地となる鉄には塗料のようなものを一切使わず、故意に錆びさせることで得られる錆色さびいろを活かした漆黒色に仕上げます。

重厚感を感じさせる漆黒の地鉄に金や銀で表現される模様は、派手さをおさえた上品な美しさを漂わせます。

後継者不足が懸念された時期もありましたが、熊本伝統工芸館による伝統工芸後継者育成事業により後継者の養成がなされ、現在は10名を超える象嵌師が日々作品づくりに取り組んでいます。

この伝統技術を保存するため昭和38年8月に肥後象嵌技術保存会が結成され、平成15年3月(2003年3月)には肥後象嵌が経済産業省から伝統的工芸品に指定されました。

肥後象嵌の歴史

鉄に金や銀をはめ込む象嵌の技法はシリアの首都であるダマスカスが発祥とされ、日本へは飛鳥時代(592〜710年)にシルクロードを通って伝わってきたとされています。

肥後象嵌ひごぞうがんの始まりは江戸時代初期(1603〜1680年頃)。

最初に始めたのは林又七(はやしまたしち)という人物であったと言われています。

豊臣秀吉の家臣であった加藤清正が肥後の国をおさめていた頃に、鉄砲鍛冶として仕えていました。

1632年(寛永9年)に加藤家改易(かいえき:大名などの武士から身分を剥奪してその所領や屋敷などを没収する刑罰)の後、代わりに肥後藩主となった細川忠利に召し抱えられます。

又七は京都で布目象嵌ぬのめぞうがんの技術を習得すると、銃身に象嵌を施した鉄砲を作るようになりました。

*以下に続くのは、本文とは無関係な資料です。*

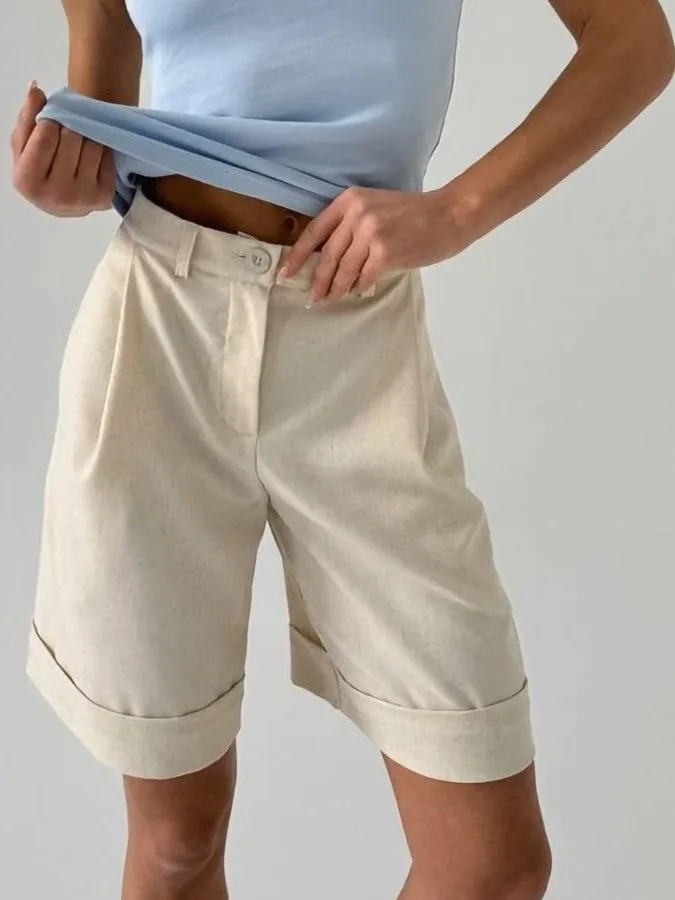 High Waist Straight Leg Shorts with Cuffed Hem European Style Women's Business Pants High Waist Roll up Short Pants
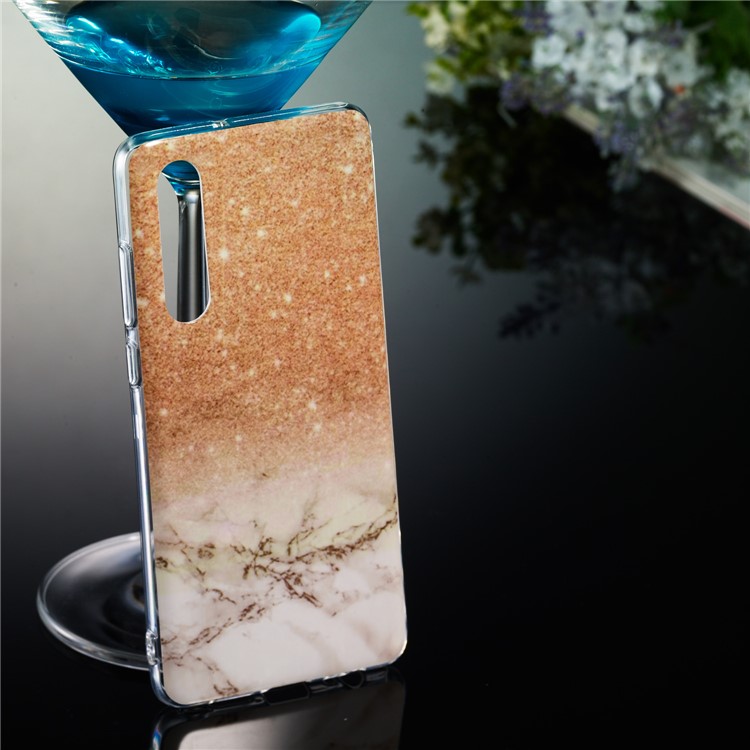 Pattern di Marmo Imd Tpu Soft Posteriore Guscio Per Huawei P30 - Stile C-5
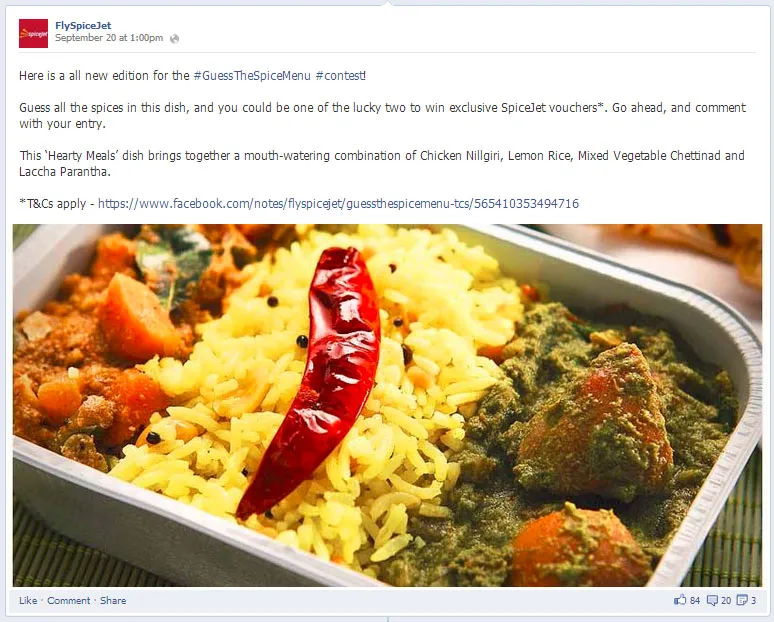 Spice Jet Facebook post 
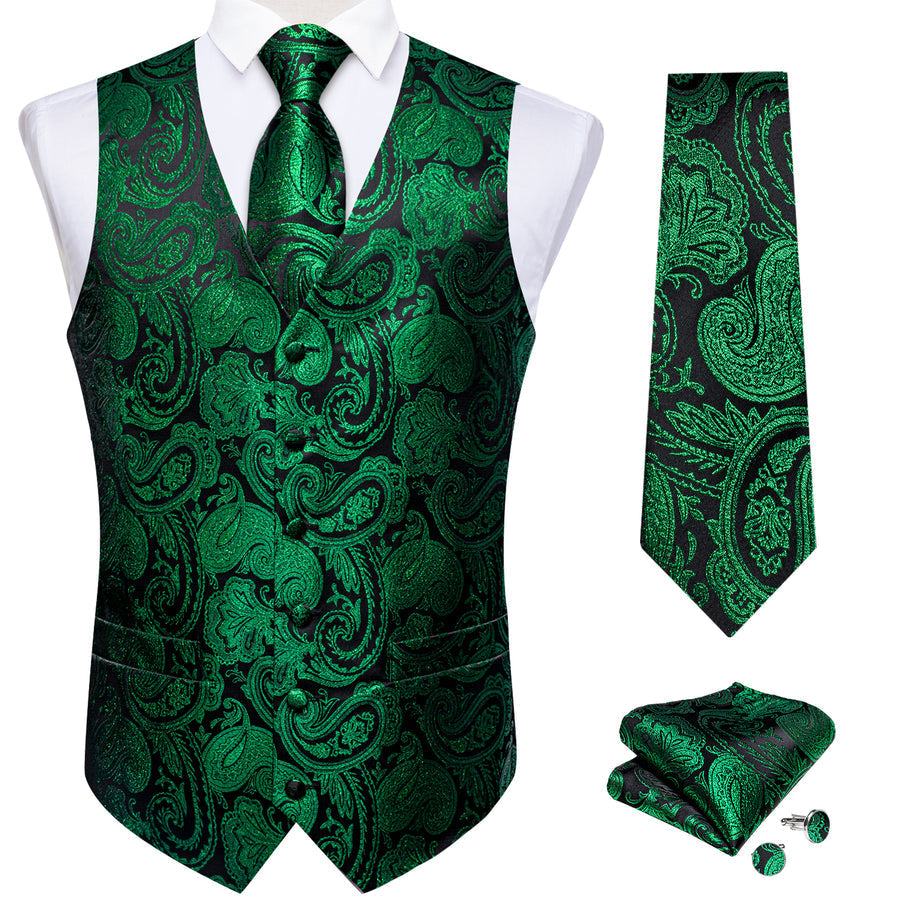 Black Green Paisley Jacquard Silk Men's Vest Set vest set - Sophisticated Gentlemen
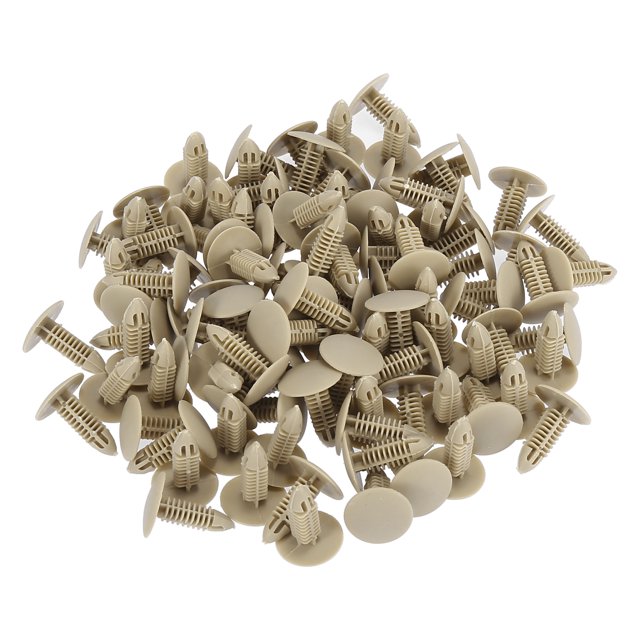 Unique Bargains 100 x 6mm Hole Plastic Rivets Fastener Push Clips Khaki for Car Auto Fender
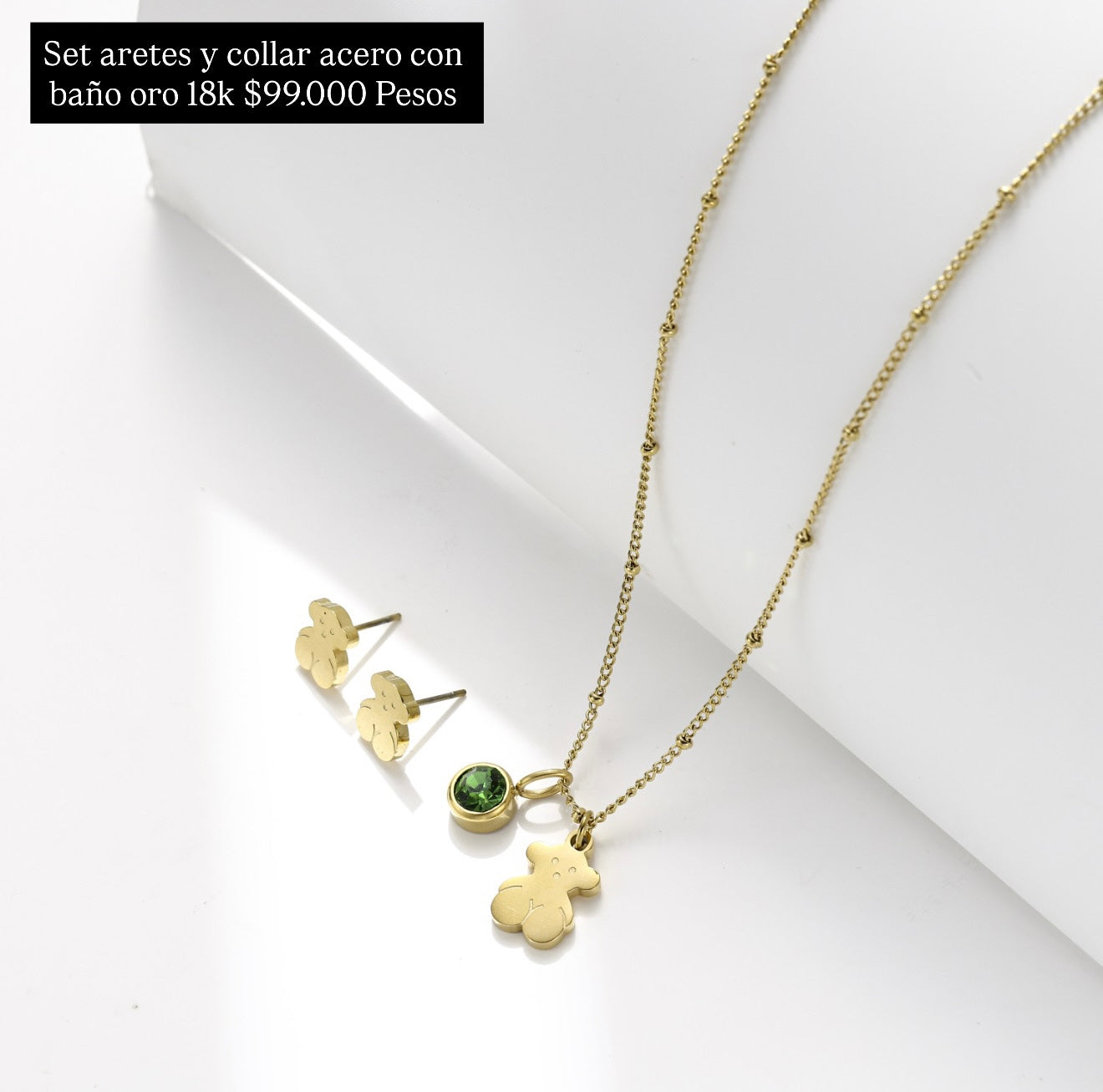 Set aretes y collar acero con baño oro 18k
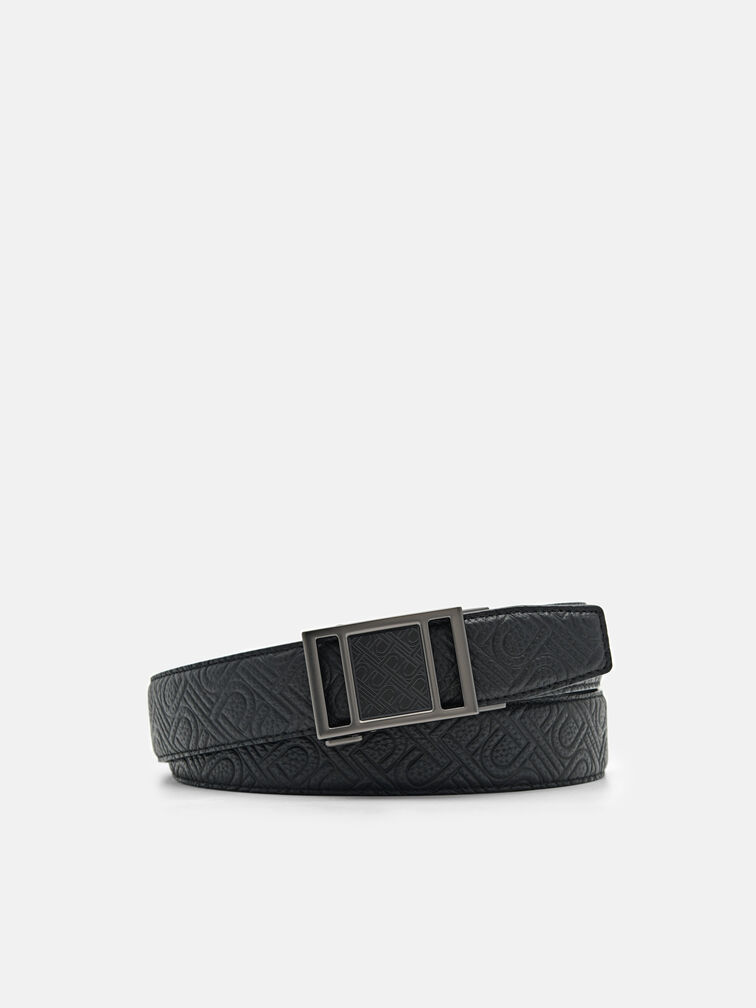 Embossed Leather Automatic Belt, Black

布目象嵌は、鉄の表面に多方向から細い切れ目を入れ、その切れ目に金銀等を打ち込む象嵌技法です。

後に鐔師つばし:刀の鐔を作る職人に転向し、肥後鐔(ひごつば)の制作にあたるようになります。

また、忠利の父である細川忠興は上品で優美な趣を好み、八代に隠居の際鍛治の名匠たちを召し抱えました。

各家はお抱え工として刀装金具制作の技を競い合い、多くの名品を後世に残しました。

このように細川家の庇護の元、肥後象嵌の技術は磨かれ発展していきます。

江戸時代末期(1793〜1868年頃)には、「林又七の再来」と称された名人「神吉楽寿かみよしらくじゅ1817〜1884年」の出現により、肥後の金工の名声を不動のものにします。

この楽寿は林派の継承者である神吉家の3代目であり、象嵌や透かしなどの精巧な技術を駆使し、鐔や小道具に優れた作品を残しました。

しかし明治維新以後、廃刀令により刀剣金具の需要がなくなると各家の名工たちの大半も転廃業の憂き目にあいます。

衰退してしまったかのように思われた肥後象嵌ですが、装身具や器具の装飾として技術を応用することで活路を見いだし、その伝統を今に受け継いでいます。

現代では、伝統的工芸品として親しまれているとともに、ファッションやインテリアなどの新しい分野にも進出しています。